Someone I know just tried APACI... and his comments are below.  Ralf,
don't take this the wrong way.  I think APACI is a good start... but I'm
concerned that the documentation oversells it to the point that folks
think it is the only way to do things.  Maybe it just needs to be made
more obvious that folks can continue to use the old method. 

Dean

---------- Forwarded message ----------

Man the apaci stuff looked good on paper, but man it is ugly to use.  I've
never ever used such an unfriendly configuration interface in my life.  I'm
am embarased that this is even seen by a user.  To put commetns like this is
the wonderful future in the instructions is a joke, and a bad joke.

Ease of use grade = F

I understand the problems and the documentation does make it look like a
good solution but it is evil.  A product such as apache needs incremental
configuration, and there is no excuse to deny that.  And to *remove* the
Configuration.apaci file on a "config --help" is a total joke!

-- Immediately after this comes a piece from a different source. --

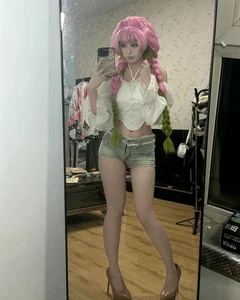 111+ Best Mitsuri Kanroji Cosplay: The Beautiful Love Hashira - image 0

I'm sending this to you 'cause I have to vent, please ignore it if you
wish.


A) It provies no additional functionality over Configuration other than
   shortcuts.  The standard way to do this is via templates - not magic
   scripts.

B) The lack of incremental change means it is useless as a configuration API
   for other scripts.  It is not abstracting the config file in a useful way
   for a GUI or a menu.  A front end must keep state, so now the GUI has to
   still do this.  Look at Linux for a far better example.

C) The complexity of installation has increased with no gain to users or
   programmers.


---------- Forwarded message ----------

So I gave up, did a "cd src; vi Configuration; blah blah" and was up and
running in 15 minutes :/ why did I waste the hour and a half reading a
fucking with apaci?


Re: apaci

Posted by ra...@bellglobal.com.
> C) The complexity of installation has increased with no gain to users or
>    programmers.

This point simply isn't true.  Lots of PHP users are extremely happy about
this new configuration interface because it makes it easy for them to build
Apache with PHP as a shared module.  Also, being able to give someone a
recipe for compiling and installing Apache + PHP that does not include an
"Edit the Configuration" file step is extremely nice.  The point was never
to build an installation mechanism that kept state or to build the backend 
for a GUI.  The point was to build a command-line process that mimiced a 
known interface like autoconf and could be used to completely configure
Apache in a single step.  As such, it works very well and if people are 
expecting more or less, then it is a documentation problem.